PogunがBitVMのセットアップを40 GiBから28 MiBへ削減
Pogunは、同社のBitVMプロトコルフローのBitcoinメインネット上での実行を実演し、同技術の背後にあるストレージおよびセットアップ要件の大幅な削減を報告した。この成果は、計画中の信頼最小化型のBitcoinからCardanoへのミラーリングブリッジに向けたインフラ整備を前進させる。
By SongMarketCap
PogunのCTOであるTorben Poguntkeは、deposit、claim、challenge、verificationの各パスを含む、メインネット上でのBitcoin側プロトコル実行を示すBitVM Explorerのデモンストレーションを公開した。ウォークスルーと併せて、Poguntkeはオフチェーンのセットアップ用ストレージが40 GiBから0.0281 GBへ減少し、セットアップ時間も354秒から0.149秒へ短縮されたと報告した。

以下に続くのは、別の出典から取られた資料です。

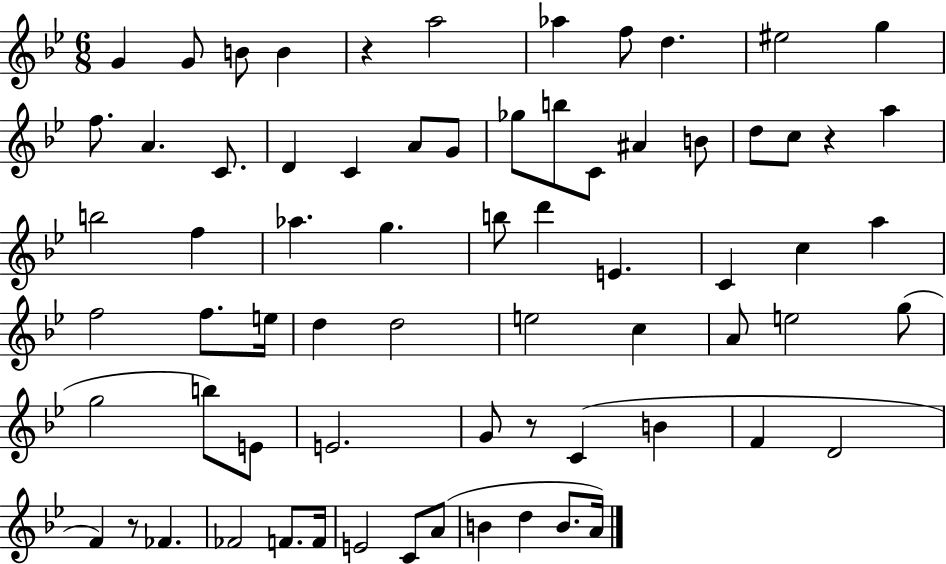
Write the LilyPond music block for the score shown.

{
  \clef treble
  \numericTimeSignature
  \time 6/8
  \key bes \major
  \repeat volta 2 { g'4 g'8 b'8 b'4 | r4 a''2 | aes''4 f''8 d''4. | eis''2 g''4 | \break f''8. a'4. c'8. | d'4 c'4 a'8 g'8 | ges''8 b''8 c'8 ais'4 b'8 | d''8 c''8 r4 a''4 | \break b''2 f''4 | aes''4. g''4. | b''8 d'''4 e'4. | c'4 c''4 a''4 | \break f''2 f''8. e''16 | d''4 d''2 | e''2 c''4 | a'8 e''2 g''8( | \break g''2 b''8) e'8 | e'2. | g'8 r8 c'4( b'4 | f'4 d'2 | \break f'4) r8 fes'4. | fes'2 f'8. f'16 | e'2 c'8 a'8( | b'4 d''4 b'8. a'16) | \break } \bar "|."
}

このデモはBitcoinの実行レイヤーに焦点を当てている。Pogunの完全なBitcoinからCardanoへのミラーリングブリッジは、まだ一般には公開されていない。
BitVM ExplorerがBitcoinメインネットでの実行を示す
Poguntkeは8月7日にBitVM Explorer Demo:ステップごとのプロトコル実行 + メインネット実行を公開した。このエクスプローラはプロトコルのトランザクショングラフを可視化し、実行パスをステップごとに追えるようにしている。
このデモではAlice、Bob、Charlieの三者のオペレーターを用い、コネクタ出力と複数のトランザクション分岐を表示する。青いパスは標準実行を表し、赤いパスはchallengeや紛争シナリオを示す。

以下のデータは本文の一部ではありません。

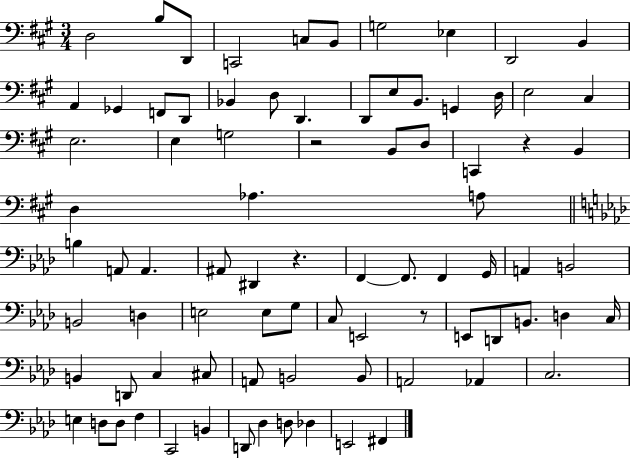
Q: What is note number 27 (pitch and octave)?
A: G3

メインネットでのウォークスルーでは、エクスプローラがdeposit、claim、署名、challengeを含むBitcoinトランザクションの各段階を表示する。Pogunは1-of-Nのセキュリティモデルを採用しており、誠実なオペレーターが一人でもいれば不正なclaimの成立を阻止できる設計になっている。
コネクタ出力はBitcoinのUTXOを介してあらかじめ定義されたプロトコル段階を結び付け、標準パスか紛争パスのいずれかで実行がどのように進行できるかを制約する。
PogunがBitVMのセットアップ要件を縮小
Poguntkeの8月10日のアップデートによれば、報告された値に基づくと、新しい数値はストレージが約1,450分の1に、セットアップ時間が約2,376分の1になったことを示している。

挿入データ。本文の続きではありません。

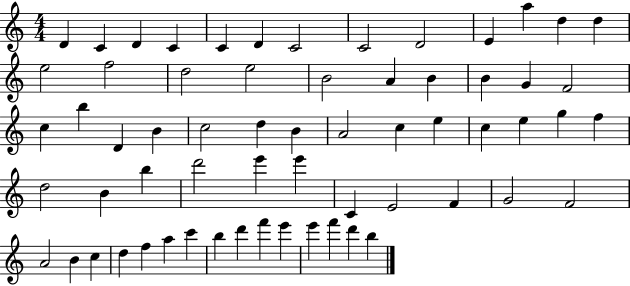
D4/q C4/q D4/q C4/q C4/q D4/q C4/h C4/h D4/h E4/q A5/q D5/q D5/q E5/h F5/h D5/h E5/h B4/h A4/q B4/q B4/q G4/q F4/h C5/q B5/q D4/q B4/q C5/h D5/q B4/q A4/h C5/q E5/q C5/q E5/q G5/q F5/q D5/h B4/q B5/q D6/h E6/q E6/q C4/q E4/h F4/q G4/h F4/h A4/h B4/q C5/q D5/q F5/q A5/q C6/q B5/q D6/q F6/q E6/q E6/q F6/q D6/q B5/q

また、PoguntkeはBitcoin側の紛争パスにかかる推定コストが$14,211から$37へ低下したとも報告した。この数値は標準的なBitcoinやCardanoのトランザクション手数料ではなく、最適化されたプロトコル手法に関連するものだ。
この最適化は、従来のBitVM3スタイルの構成に伴う重いオフチェーン要件を対象としている。Pogunは、プロトコルに必要な暗号計算の負荷を減らすことを目的に、witness-encryptionとBABEスタイルのアプローチを採用している。
比較測定に用いたハードウェアやテスト条件の詳細は公開されていないため、算出された比率は標準化されたベンチマークではなく、Pogunの報告値を反映したものとなっている。
PogunがBitcoinの流動性をCardanoへ接続
Pogunは、クレジット市場、イールド商品、そしてBitVMを用いた計画中のミラーリングブリッジを含む、Cardanoに接続されたBitcoinの流動性とクレジットのスタックを開発している。
提案モデルでは、BTCはBitcoin上でロックされたまま、特定のBitcoin UTXOを表す非代替の1対1のミラーがCardano上に作成される。このミラーはPogunのクレジットおよびイールドのインフラ内での利用を想定しており、Cardano側のトランザクションはネットワーク手数料にADAを用いる。
このプロジェクトは、同じ技術チームによる以前のCardinalの取り組みを基盤としており、そこではBitVMXを用いたBitcoinブリッジのインフラが検討された。Pogunはその成果を、より広範なDeFiスタックと最適化されたマルチオペレーターアーキテクチャへと拡張している。
現在のExplorerデモは、完成したエンドツーエンドのブリッジではなく、Bitcoin側の実行レイヤーにおける進捗を検証するものだ。最新の最適化により、そのロードマップの背後にある特定のインフラ制約が緩和され、BitVMのセットアップはリソースを大量に要する要件から、運用しやすい大幅に軽量なフットプリントへと移行している。